Ne pas utiliser l'IA du tout
Si l'IA suscite l'enthousiasme des employés et clients, elle peut s'avérer superflue si d'autres approches sont plus faciles à mettre en oeuvre et ont moins d'impact sur l'environnement. « Demandez-vous toujours si l'IA/ML est adaptée à votre application », recommande AWS dans ses lignes directrices en matière de développement durable. « Il n'est pas nécessaire d'utiliser l'IA à forte intensité de calcul lorsqu'une approche plus simple et plus durable peut s'avérer tout aussi efficace. Par exemple, l'utilisation de l'intelligence artificielle pour acheminer les messages IoT peut être injustifiée ; vous pouvez exprimer la logique à l'aide d'un moteur de règles. »
Outre les considérations environnementales, Plex n'est pas en mesure de consacrer des millions de dollars en calcul à l'entraînement des plus grands modèles. « Il s'agit de faire preuve d'ingéniosité et de s'assurer que l'on réfléchit à tout et que l'on ne se contente pas d'injecter de l'argent pour nourrir le problème », explique Scott Weston.

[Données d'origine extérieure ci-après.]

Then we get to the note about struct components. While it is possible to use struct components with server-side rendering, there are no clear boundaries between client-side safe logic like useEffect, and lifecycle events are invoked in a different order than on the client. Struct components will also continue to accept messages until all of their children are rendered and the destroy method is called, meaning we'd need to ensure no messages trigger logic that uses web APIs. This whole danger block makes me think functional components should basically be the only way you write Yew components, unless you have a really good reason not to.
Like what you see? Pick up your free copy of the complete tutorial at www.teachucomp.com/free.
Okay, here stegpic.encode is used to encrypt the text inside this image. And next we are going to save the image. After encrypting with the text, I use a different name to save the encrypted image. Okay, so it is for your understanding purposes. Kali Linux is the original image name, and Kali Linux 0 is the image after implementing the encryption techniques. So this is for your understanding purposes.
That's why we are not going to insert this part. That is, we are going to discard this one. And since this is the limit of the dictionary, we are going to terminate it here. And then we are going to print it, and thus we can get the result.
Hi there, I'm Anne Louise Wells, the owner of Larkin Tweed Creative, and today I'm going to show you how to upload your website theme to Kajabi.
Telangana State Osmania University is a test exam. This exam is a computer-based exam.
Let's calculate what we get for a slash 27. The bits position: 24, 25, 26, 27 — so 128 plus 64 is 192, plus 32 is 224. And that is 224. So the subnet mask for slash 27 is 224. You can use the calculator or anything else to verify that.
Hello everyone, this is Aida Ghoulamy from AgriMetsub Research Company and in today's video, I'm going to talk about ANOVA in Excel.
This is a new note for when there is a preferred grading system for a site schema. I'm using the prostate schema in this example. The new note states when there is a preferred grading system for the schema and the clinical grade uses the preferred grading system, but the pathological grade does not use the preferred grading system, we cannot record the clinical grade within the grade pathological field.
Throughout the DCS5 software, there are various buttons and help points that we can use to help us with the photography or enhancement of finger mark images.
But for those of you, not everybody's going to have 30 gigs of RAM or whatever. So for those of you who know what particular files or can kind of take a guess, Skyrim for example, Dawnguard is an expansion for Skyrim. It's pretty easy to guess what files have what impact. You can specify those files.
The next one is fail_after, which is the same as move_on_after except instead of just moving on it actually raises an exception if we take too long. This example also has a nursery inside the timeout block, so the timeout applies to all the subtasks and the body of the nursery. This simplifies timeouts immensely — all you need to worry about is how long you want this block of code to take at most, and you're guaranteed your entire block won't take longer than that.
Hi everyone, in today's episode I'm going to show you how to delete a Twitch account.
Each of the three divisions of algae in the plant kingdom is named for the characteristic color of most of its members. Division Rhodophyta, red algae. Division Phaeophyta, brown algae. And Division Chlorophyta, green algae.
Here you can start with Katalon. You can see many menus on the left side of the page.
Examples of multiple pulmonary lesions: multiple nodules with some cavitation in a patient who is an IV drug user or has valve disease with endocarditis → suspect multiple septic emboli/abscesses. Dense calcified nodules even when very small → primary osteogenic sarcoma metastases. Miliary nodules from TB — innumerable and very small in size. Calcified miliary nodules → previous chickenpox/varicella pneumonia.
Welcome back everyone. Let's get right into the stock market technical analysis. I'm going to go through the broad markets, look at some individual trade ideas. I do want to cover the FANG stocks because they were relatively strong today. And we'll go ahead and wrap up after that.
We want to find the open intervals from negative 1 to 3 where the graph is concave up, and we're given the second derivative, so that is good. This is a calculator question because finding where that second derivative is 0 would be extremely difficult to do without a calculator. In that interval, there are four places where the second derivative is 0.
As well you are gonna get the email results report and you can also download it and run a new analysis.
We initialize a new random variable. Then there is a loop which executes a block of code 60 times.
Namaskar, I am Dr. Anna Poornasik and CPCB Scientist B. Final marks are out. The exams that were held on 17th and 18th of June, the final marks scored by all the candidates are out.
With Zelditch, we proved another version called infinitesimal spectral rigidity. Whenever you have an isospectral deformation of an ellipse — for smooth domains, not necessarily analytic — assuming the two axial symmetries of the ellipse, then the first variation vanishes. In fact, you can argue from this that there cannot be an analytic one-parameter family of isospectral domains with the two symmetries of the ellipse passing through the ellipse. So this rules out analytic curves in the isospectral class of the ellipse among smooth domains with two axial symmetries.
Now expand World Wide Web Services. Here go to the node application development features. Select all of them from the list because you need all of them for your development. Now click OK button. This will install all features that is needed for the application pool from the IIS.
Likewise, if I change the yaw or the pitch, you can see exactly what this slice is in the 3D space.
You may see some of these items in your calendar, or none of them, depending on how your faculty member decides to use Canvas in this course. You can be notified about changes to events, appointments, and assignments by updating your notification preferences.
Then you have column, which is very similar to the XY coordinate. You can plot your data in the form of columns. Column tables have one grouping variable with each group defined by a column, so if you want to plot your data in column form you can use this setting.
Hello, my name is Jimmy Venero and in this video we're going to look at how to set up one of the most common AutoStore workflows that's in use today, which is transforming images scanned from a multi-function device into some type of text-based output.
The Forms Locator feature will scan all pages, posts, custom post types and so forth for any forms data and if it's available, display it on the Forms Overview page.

La société de jeux en ligne Mino Games utilise DataGPT, qui intègre des outils analytiques, une base de données pour la mise en cache, ainsi que des processus d'extraction, de traduction et de chargement (ETL) pour accélérer les requêtes, comme celles relatives à la compréhension des nouvelles fonctionnalités à offrir aux joueurs. Diego Cáceres, responsable de l'analyse des données, invite à la prudence quant à l'usage de l'IA. « Formulez soigneusement le problème métier et demandez-vous si de simples calculs mathématiques ne suffisent pas », conseille-t-il.
Les défis auxquels se heurte l'IA durable
Outre le coût de la mise en oeuvre d'une IA durable au sein d'une application distribuée basée sur le cloud, il est difficile de savoir quelle charge de travail consomme de l'énergie, explique Yugal Joshi, partenaire de la société de conseil Everest Group. C'est pourquoi, selon lui, la plupart des entreprises se concentrent d'abord sur les résultats métiers de l'IA, et ensuite seulement sur la durabilité.
Selon Boris Gamazaychikov, de Salesforce, un autre défi consiste à obtenir des développeurs des informations sur l'empreinte carbone de leurs modèles de fondation. Avec la montée de la réglementation émanant de sources telles que l'Union européenne et la Securities and Exchange Commission des États-Unis, « si les entreprises ne divulguent pas déjà ces chiffres, elles devront commencer à le faire bientôt », se réjouit-il.
Un autre défi à la modération des usages réside dans l'attrait pour les percées spectaculaires de l'IA, quel qu'en soit le coût pour l'environnement. « Certaines entreprises s'affichent comme durables, mais elles veulent aussi être connues pour l'excellence de leur IA, et leurs employés veulent faire quelque chose qui transforment l'activité », observe Amanda Stent, du Colby College. « Tant que des pressions financières n'obligeront pas les entreprises à devenir plus efficaces en matière d'intelligence artificielle, quelque chose d'autre les éloignera de l'objectif de durabilité.